I am currently the leader of the SHELL-ECO MARATHON competition team. This competition involves designing an electric car to maximize the performance of the single-seater. The focus is on reducing the weight of the chassis, selecting appropriate materials, designing the body to minimize air friction, and considering other elements for efficiency optimization. The Shell Eco-marathon is a global event with competitions in the United Kingdom, France, the Netherlands, Japan, and the United States.

As a leader, I am involved in all areas of team creation, and I'll explain my contributions in each area.

Chassis:
My role involves attending, listening, contributing, and conveying information in team meetings. I assist team members in the design and validation of the chassis through simulation and mathematical calculations, using stress and deformation analysis. We successfully created a lightweight chassis using only 14 meters of tube capable of withstanding a yield strength of 240 Mpa. Considering our budget and capabilities, we opted for Aluminum 6061-T6 as the material, providing the required strength and lightweight construction to enhance the race car's efficiency.

Steering and Brakes:
Managing this area as a leader presented challenges, and my approach included personal discussions with the team member responsible. However, when this proved ineffective, I took a hands-on approach and coordinated the area myself. We initiated a comprehensive reading of the rulebook by all team members to identify key aspects related to braking and steering. Setting objectives based on our limitations, we focused on reducing the wheelbase distance to minimize weight. Selecting 20-inch track front wheels within budget constraints, we aimed for a turning radius of less than 8 meters, achieving an angle of 11 degrees and a turning radius of 7 meters for safety.

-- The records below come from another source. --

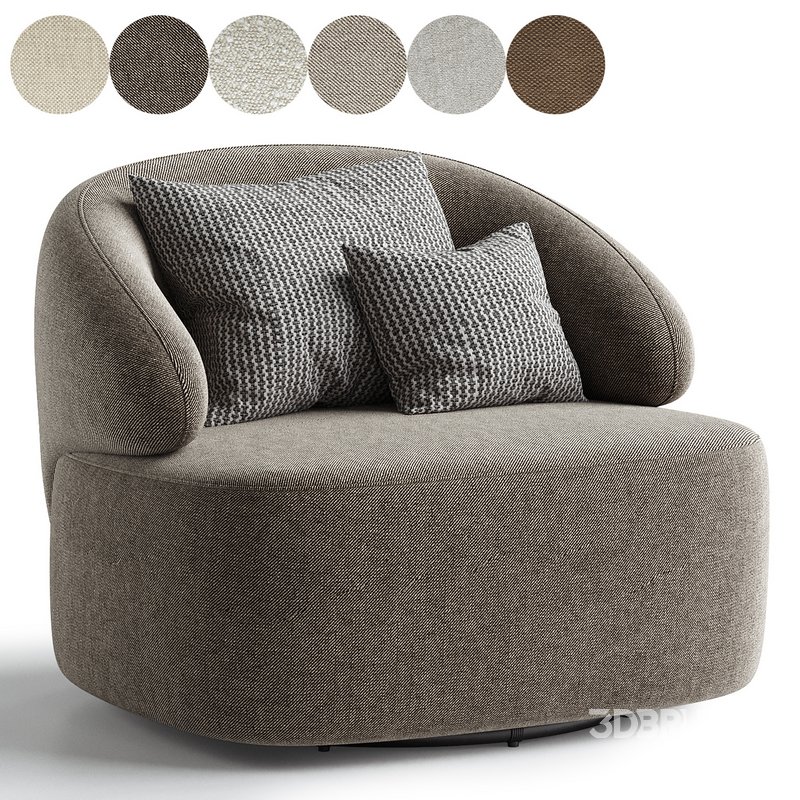 Upholstered Swivel Armchair Image 1
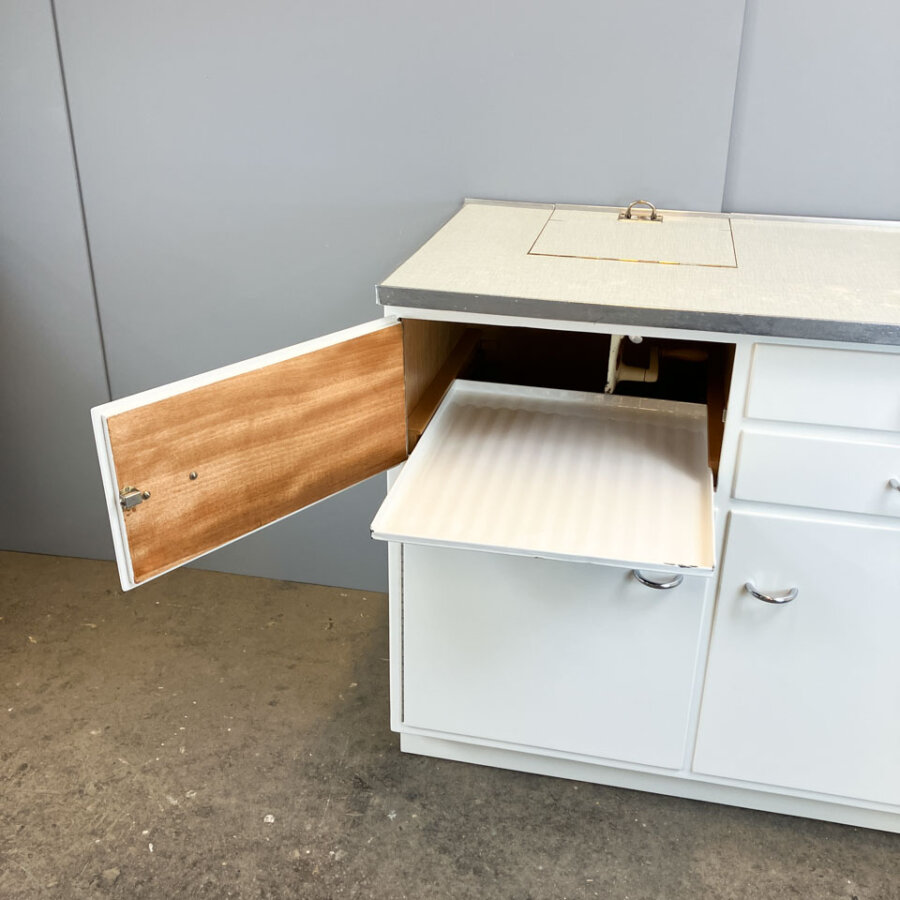 Kuechenschraenke Mit Blau Melierter Resopalplatte Poggenpohl 1950er Jahre Mid-century Modern Design Style Retro Furniture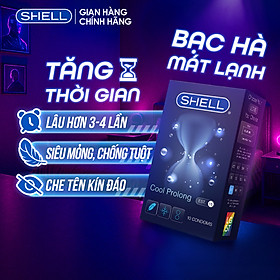 Bao cao su Shell Cool Prolong kéo dài thời gian, bạc hà mát lạnh - Hộp 10 cái | SHELL CHÍNH HÃNG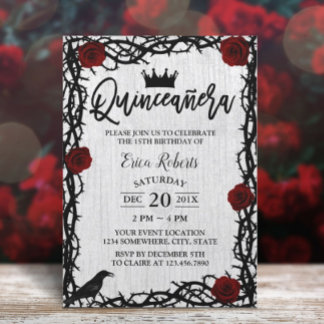 Quinceanera Rose Thorn Elegante Fairy Tale Geburts Einladung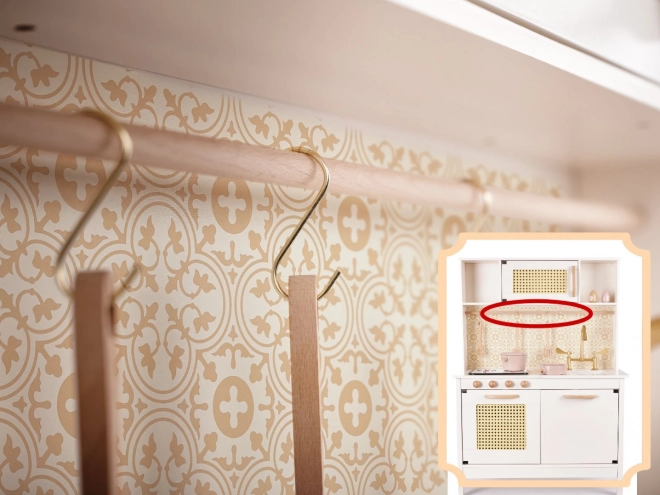 Dziecięca drewniana retro kuchnia z akcesoriami Boho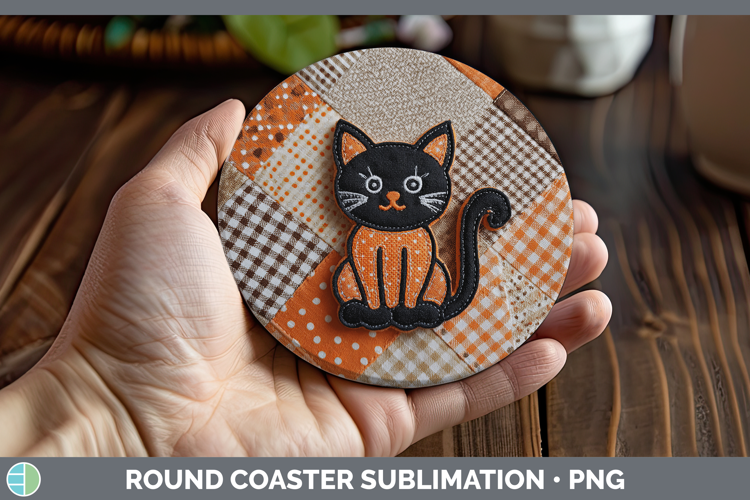 Black Cat Halloween Patchwork Round Coaster Sublimation Desi
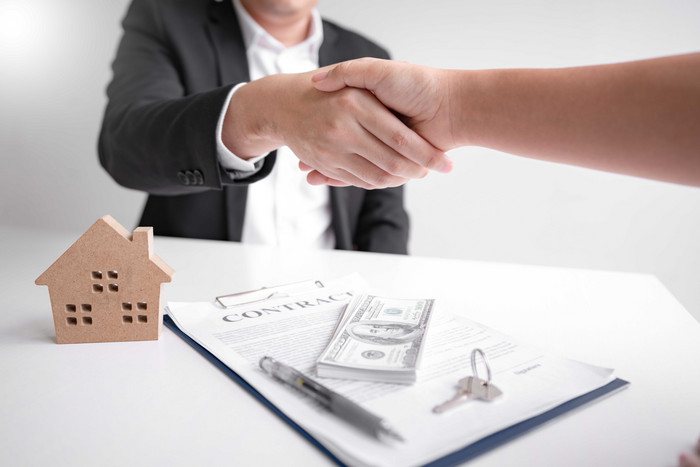 工作销售人员房地产职业客户合作握手照片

Aerodynamics and Bodywork:
This area has achieved significant progress. We began by selecting different NACA airfoils, evaluating their values and using Fusion360 to mold a water drop shape with suitable downforce values. With the chassis completed, we modified this water drop shape to fit the chassis, recognizing that slight modifications greatly impact performance. Ongoing flow simulations aim to determine the optimal shape for the race car, which will be constructed using Carbon Fiber.

Finances and Marketing:
Given the school's limited financial support, I established two areas focused on securing sponsors and funds for the racecar's development. Efforts to create compelling content for recognition have attracted sponsors providing support in software courses, materials, discounts, and exposure for the students involved in this project.